Starting September 23, will hedge fund managers be queuing to sit down with CNBC’s Maria Bartiromo, competing as aggressively in promoting their funds as they do in markets and trading?

When the Jumpstart Our Business Startups (JOBS) Act lifts the 80-year-long ban on general advertising and public solicitation by issuers of unregistered securities, some hedge funds will seek to evolve their marketing and brand.

Hedge funds “will have to decide on the pros and cons. They’re weighing it. Some really want to do it. Some really don’t,” said Jay Gould, a partner in the investment funds practice at Pillsbury Winthrop. “The multi-billion dollar funds with deep institutional relationships don’t want to offend their clients.”

Another consideration is that by advertising, a fund might subject itself to more general regulatory scrutiny, Gould told Markets Media.

Some hedge funds are readying themselves for at least some marketing and branding initiatives, and at least one has already acted. Last month, Mitch Ackles of Hedge Fund PR tweeted “@JonathanHoenig’s Capitalistpig: Proud to be the first #hedgefund to advertise publicly since 1932.”

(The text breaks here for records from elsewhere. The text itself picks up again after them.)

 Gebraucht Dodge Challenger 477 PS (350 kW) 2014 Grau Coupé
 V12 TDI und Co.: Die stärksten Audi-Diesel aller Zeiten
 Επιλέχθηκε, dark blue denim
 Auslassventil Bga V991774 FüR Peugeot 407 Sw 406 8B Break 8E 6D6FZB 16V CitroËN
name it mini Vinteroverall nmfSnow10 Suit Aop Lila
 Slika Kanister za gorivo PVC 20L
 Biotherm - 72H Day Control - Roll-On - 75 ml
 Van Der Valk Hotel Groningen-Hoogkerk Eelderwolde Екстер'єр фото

The Capitalist Pig ad in Crain’s Chicago Business featured a photo of three young quant types viewing the Chicago cityscape at night from a high-rise ledge, with a quote from Ayn Rand.

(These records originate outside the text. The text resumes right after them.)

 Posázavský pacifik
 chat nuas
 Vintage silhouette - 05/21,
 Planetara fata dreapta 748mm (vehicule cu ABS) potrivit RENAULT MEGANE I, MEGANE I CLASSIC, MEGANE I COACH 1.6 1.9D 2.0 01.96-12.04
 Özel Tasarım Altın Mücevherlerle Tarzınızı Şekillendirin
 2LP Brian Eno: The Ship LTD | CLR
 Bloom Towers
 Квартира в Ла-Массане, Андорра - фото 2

Even with a green light, uncertainties remain as to how the U.S. Securities and Exchange Commission will interpret the JOBS Act under various scenarios that may present areas of gray.

“It means that private funds can advertise generally (by) putting performance numbers on their website, sending direct mail, and appearing on CNBC,” said Gould. But for example, “if you’re doing a Regulation C (Rule 506) offering and want to stop and go back to the old rules, it becomes an issue.”

Another example of a gray area might be if the firm finds it is not worth going through the necessary additional accreditation steps for prospects, but it was doing a public offering and had the information on the internet for six months.

For an existing fund investor, it doesn’t make much difference. But potential investors may be deemed pre-existing substantial relationships because they saw information about the fund. “If you are publicly soliciting and you decide not to late in the offering, you can’t rely on safe harbor,” Gould said.

Gould cited potential remedies, such as waiting a period so the public offering (under new rules) is not integrated with the private offering (under old rules). But it would take six months for the fund manager to cease the offering, file Form D, and then file for the private offering with a new Form D.

One way fund managers could go from public to private without waiting six months is to use the five-factor test  for safe harbor in Rule 502(a), but this would be a fairly tough test for most hedge-fund managers, Gould recently wrote in a blog post.

Which hedge funds will avail themselves of the loosened rules under the JOBS Act, and which will find too few benefits for their business model will become a case study sure to be watched by rulemakers and asset managers alike. “A year from now it will be interesting to see which funds, and how many, filed Form D,” Gould said.